The chairperson may also rule on matters such as the case being presented as a stated case, by way of abbreviated pleadings or other proceedings that will expedite the matter. However, the standard procedures were designed in such a way that there will seldom be scope for expediting the proceedings further.
Provision is also made for oral evidence.
Determination by EC
If the EC determines that a respondent has contravened a provision of FSB legislation, it may:
- Impose a penalty;
- Order the respondent to pay compensation
- Make a cost order.
The imposition of a penalty
In terms of section 6D(3) of the FI Act, the EC must consider the following factors, when imposing a penalty:
- The nature, duration, seriousness and extent of the contravention;
- Any loss or damage suffered by any person as a result of the contravention;
- The extent of the profit derived or loss avoided by the respondent from the contravention;
- The impact which the respondent’s conduct may have on the relevant sector of the financial services industry;
- Whether the respondent has previously failed to comply with a fiduciary duty or law;
- Any previous fine imposed or compensation paid for the contravention based on the same set of facts;
- The deterrent effect of the administrative sanction;
- The degree to which the respondent co-operated with the applicant and the EC; and
- Any other factor, including mitigating factors submitted by the respondent, that the EC considers relevant.
A respondent or the FSB may appeal to the High Courtagainst an EC order. The appeal rules of the High Court (relevant to an appeal from a civil district court) apply to this appeal.
Should I Follow the EC Route?
This will depend on a number of factors. We recommend that you consult with legal or FAIS Compliance experts before deciding what route to follow.
The factors to be considered by the EC before imposing a penalty, as listed above, should equally guide one’s own considerations.
It is common practice in law to consider the ability of a transgressor to pay when determining a penalty or fine. One would expect that, for a similar transgression, the fine for a one person business would differ vastly from the fine imposed on a big company.
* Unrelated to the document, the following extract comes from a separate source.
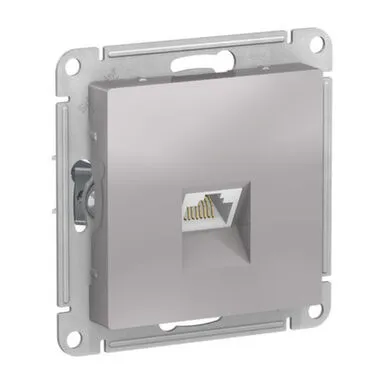 Купить Розетка одноместная компьютерная,серия AtlasDesign алюминий в интернет-магазине Akvilon.kz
A review of the cases listed on the FSB website provides some guidance as to what the norm could be. Regrettably, it appears that most of these cases were settlements, rather than hearings. This means that the considerations, indicated above, were possibly not applied in view of the alleged transgressor accepting the settlement offer.
The Fear Factor
The FAIS Ombud’s last annual report reflects that there were 781 settlements in the 2011-2012 financial year, alone. From 2005 to 2012, there were only 200 determinations, in total.
This makes it evident that people prefer to pay up, rather than defend themselves. One wonders how often this is driven by fear, born from ignorance, rather than malicious intent when the transgression took place.
I believe the time has come for us to re-consider our options.